How to make memorable, multi-type gibberish
Here are some ideas on how to make gibberish. It’s probably best to combine many/all of them.
- Use ‘leet’ to turn an easy-to-remember word (ex. your name) into a non-word: replace characters with similar-looking numbers or symbols (ex. ” i ” and ” ! ” or an upper-case ” O ” and the number ” 0 “). If your name is “Sonnie” it can become “S0nn!e” (where the 2nd letter is a zero and the 5th letter is an exclamation point).
- Add symbols and/or numbers in-between syllables of words or between words in a phrase. Using “Sonnie” again, it can become “Son&nie” where the and-symbol is inserted between symbols. Or the phrase “My given name is Sonnie” can become “My#gi#ven#name#is#Son#nie” (using a pound-symbol between words and syllables).
- Or switch symbols as you go along – on a typical, U.S. ‘qwerty’ keyboard, for example, start with the symbol ‘over’ the number 1 for the first break, then over the number 2 for the next break… “My!gi@ven#name$is%Son^nie”
- Use a foreign-language transliterated (ex. Spanish), “Mi#lla#mo#es#Son#nie”. This works even better with languages that have sounds English doesn’t have: any guttural sound from German or Hebrew works well since there is no exact English equivalent.
- Use the first-letter of an easy to remember phrase: “Where in the world is Sonnie” becomes “Witwis”.
This is rather simple: pull some letters from the website and use them at the beginning, middle, or end of your ‘gibberish’. Here are some tricks:
- use the exact website letters – not the name of the company, not the ‘words’ of the website
- “www.chase.com” is Chase Bank. Don’t use ‘cb’ for Chase Bank. ‘ch’ (first two letters), ‘ce’ (first & last letters), ‘he’ (2nd and last letters) are fine.

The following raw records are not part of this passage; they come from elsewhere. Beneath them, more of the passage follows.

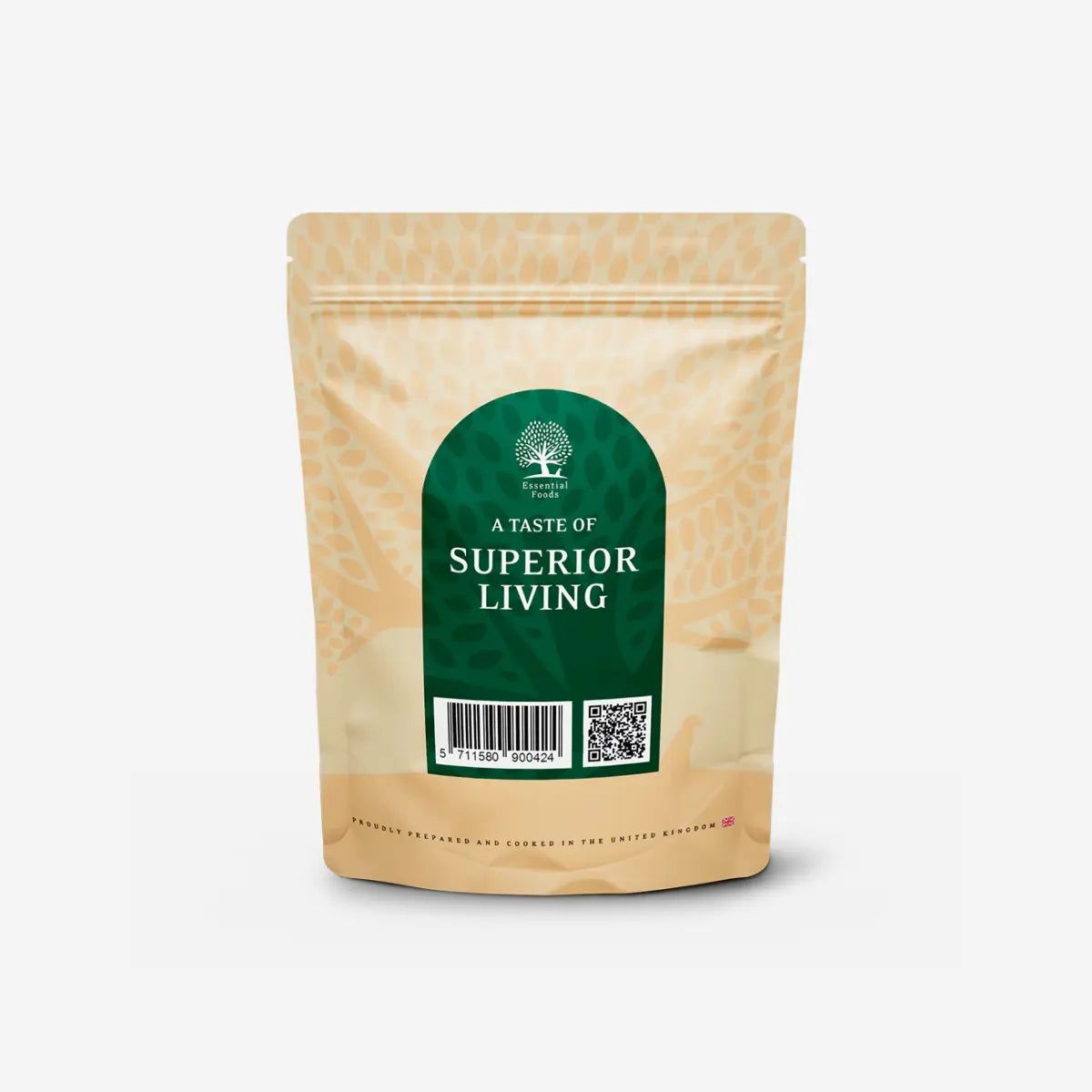 Essential Superior Living Sample // Probemenü, Huhn und Ente (75 g)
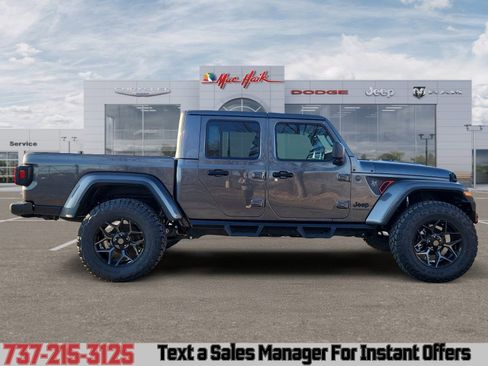 New 2025 Jeep Gladiator Sport w/ Premium Package image 6
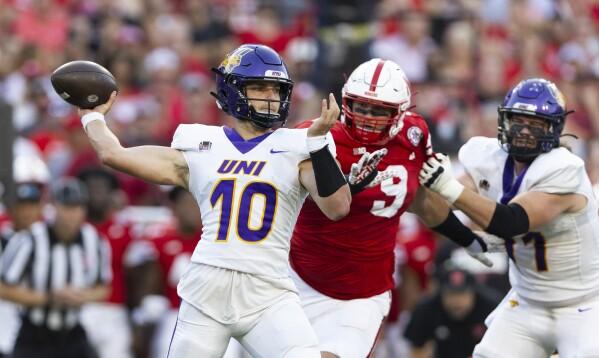 Northern Iowa travels to Nebraska next season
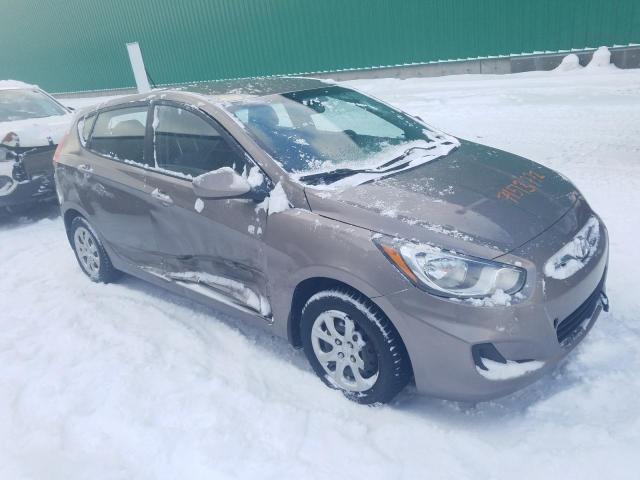 Photo 4 from auction – 2013 HYUNDAI ACCENT GLS with VIN KMHCT5AE6DU109259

- Using anything that isn’t exactly in the website address means you’re going to have to remember what you were thinking when you came up with the letters… not good!
- don’t leave the letters in their original order
- This is important incase someone does hack a site that has your password. If it’s very obvious that your password is gibberish plus the first two letters of the website, that’s not good should the hacker want to ‘try’ your password on other sites. For example, if your a member of ‘zooloversanonymous.com’ and your password is “happy*zo”, it’ll be pretty easy to figure out that you have a ‘paradigm’ and it’s “happy” plus “*” plus the first two letters of the site. So your Chase Bank password is probably “happy*ch”. Eek.
- If you, however, picked the 2nd & last letters, your password would at least be “happy*os” – not really obvious how “os” = zooloversanonymous.com
Putting it all together
- An easy to use phrase: “My last passphrase”
- Gibberish #1: s => $, a=> @, t => 7
- Gibberish #2: all letters lowercase except the last letters of words
- The website-specific letters are going to be the 1st, the 2nd, and the last letters in the order: 2nd, last, first
- The website will go between ‘last’ and ‘passphrase’ (before making gibberish, it will be “My very last site-name-here passphrase”)
- amazon.com :: mYl@$7mnap@$$phr@$E (amazon becomes 2nd (m), last (n), first (a) letters – bold/underlined in the password)
- chase.com :: mYl@$7hecp@$$phr@$E
These examples are bit ‘long’ (19 characters) – many sites still limit us to 12 characters (ugh). Hopefully this will give you some ideas, though, for creating your own Password Paradigm.